• _Task goal_
Reproduce the material below only from the line with "Bá Tước Tiểu Thư - Chương 43 - Trang 17" to the line with "ريال مدريد يواجه", both included, keeping each line exact and dropping the pictures.

• _Information_
------------------------------------------------------------------------

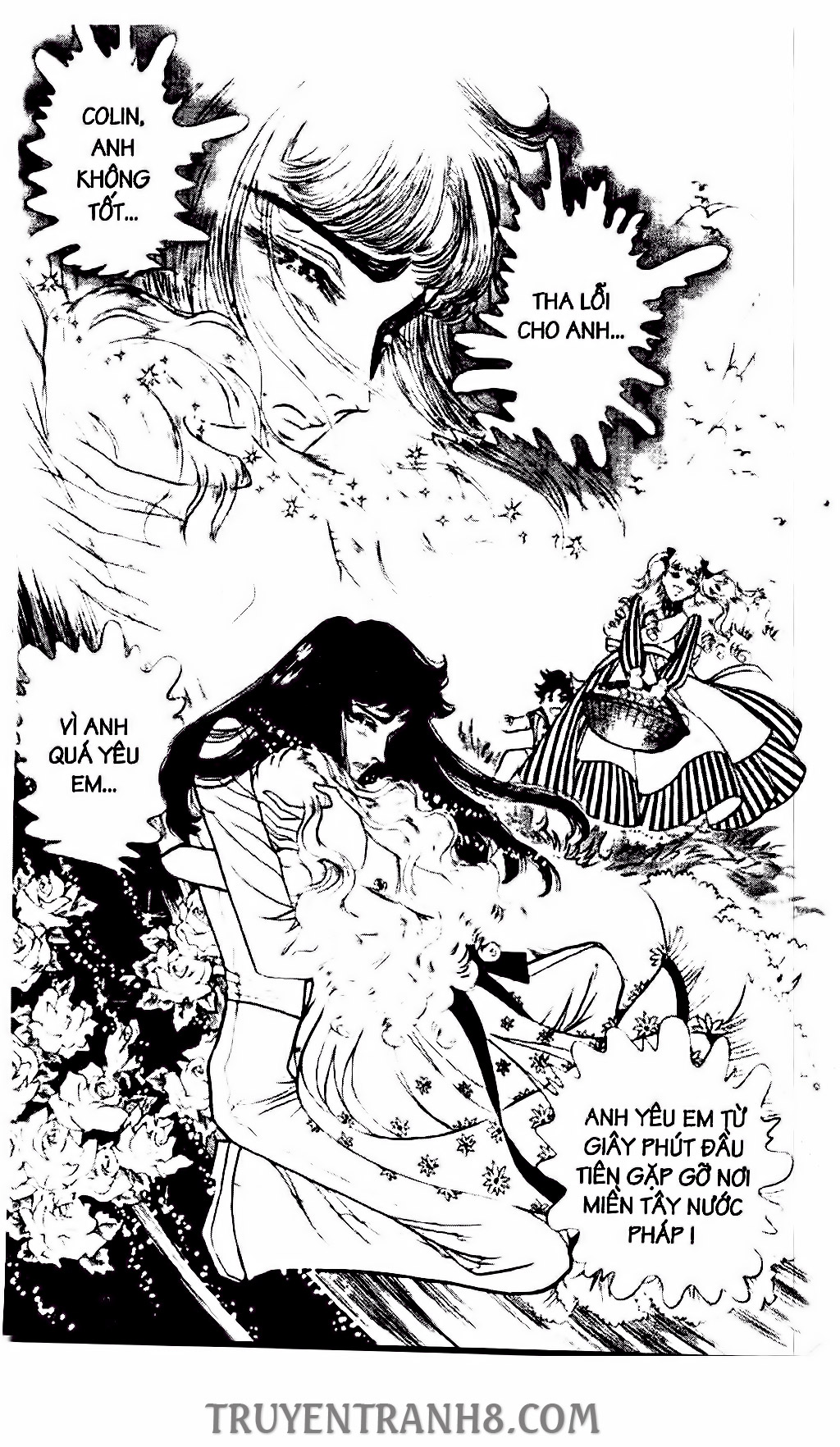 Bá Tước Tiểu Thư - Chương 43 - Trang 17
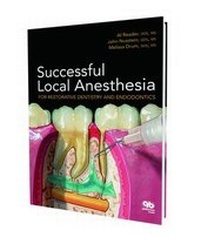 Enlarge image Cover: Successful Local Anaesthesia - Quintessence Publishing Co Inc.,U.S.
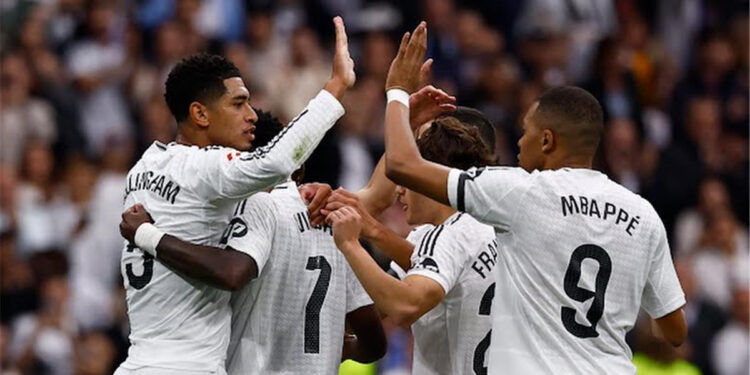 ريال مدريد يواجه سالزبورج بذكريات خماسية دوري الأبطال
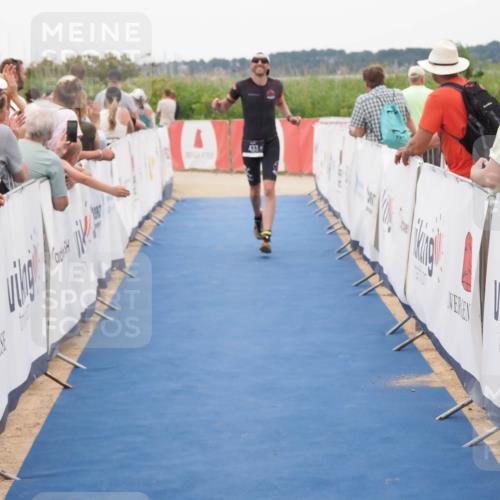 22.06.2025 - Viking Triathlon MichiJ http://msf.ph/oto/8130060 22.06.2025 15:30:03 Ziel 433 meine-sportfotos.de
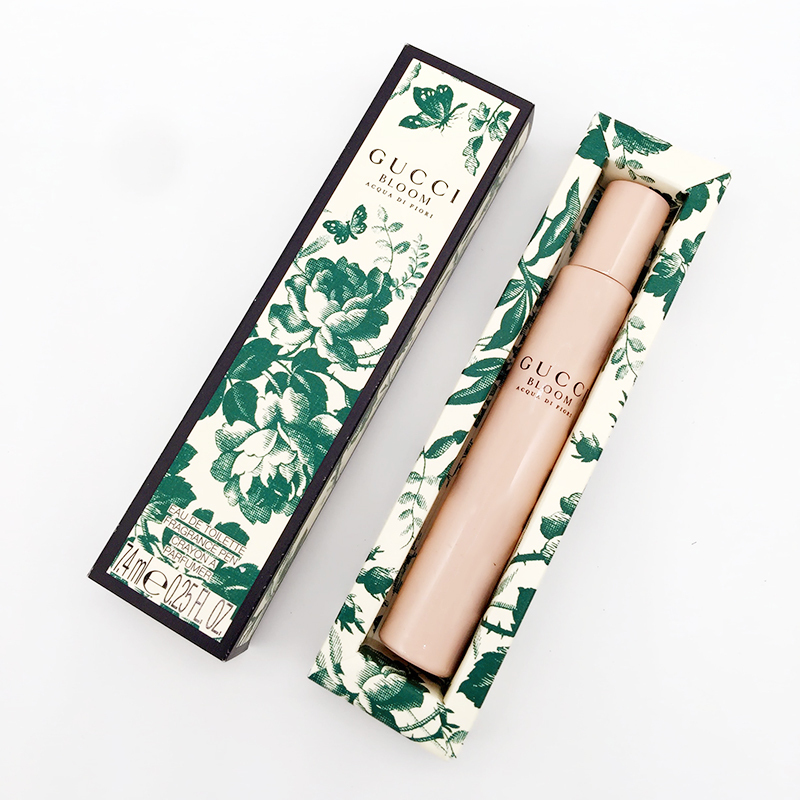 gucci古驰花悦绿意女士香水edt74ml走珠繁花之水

------------------------------------------------------------------------

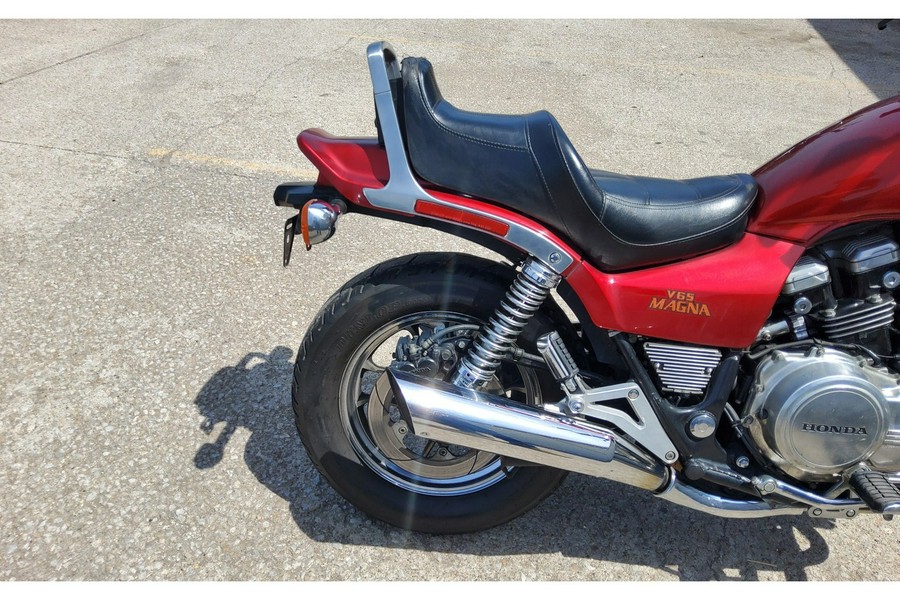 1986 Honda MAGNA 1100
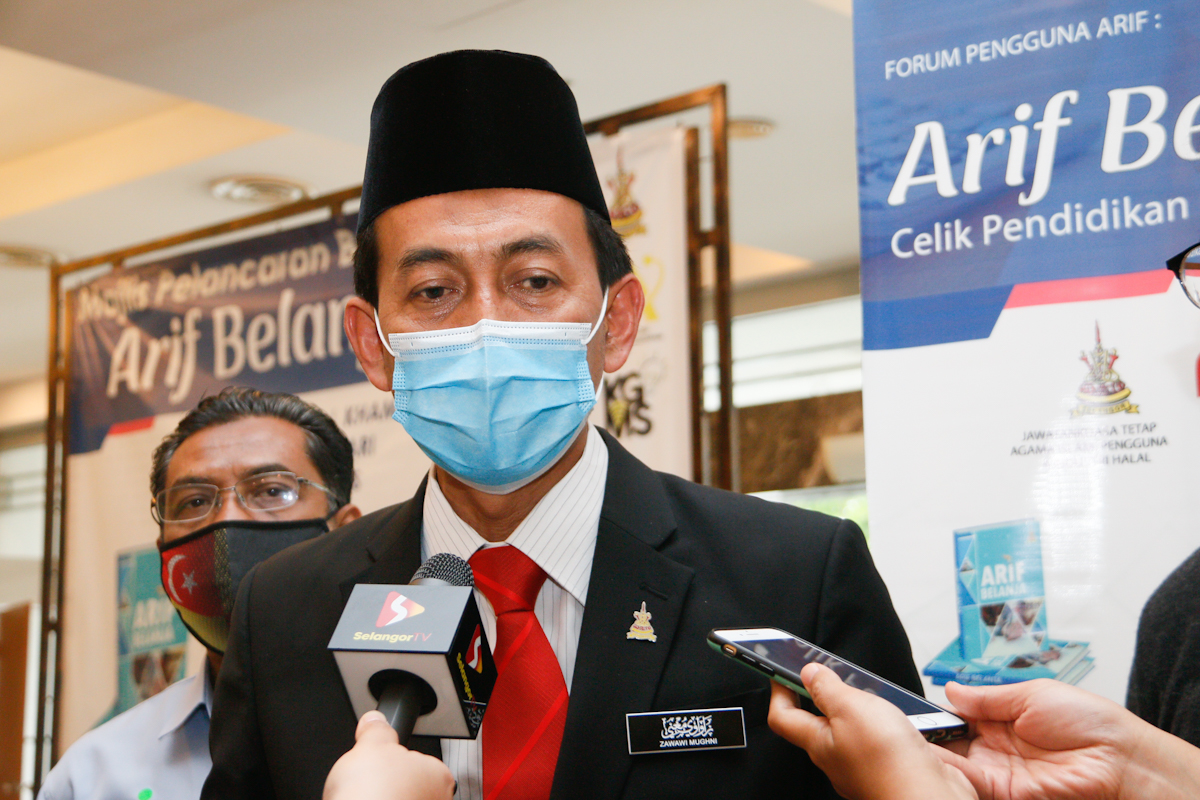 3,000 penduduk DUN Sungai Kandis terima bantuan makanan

------------------------------------------------------------------------

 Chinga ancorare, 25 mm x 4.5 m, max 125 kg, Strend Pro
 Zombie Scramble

------------------------------------------------------------------------

• _Reply_
 Bá Tước Tiểu Thư - Chương 43 - Trang 17
 Enlarge image Cover: Successful Local Anaesthesia - Quintessence Publishing Co Inc.,U.S.
 ريال مدريد يواجه سالزبورج بذكريات خماسية دوري الأبطال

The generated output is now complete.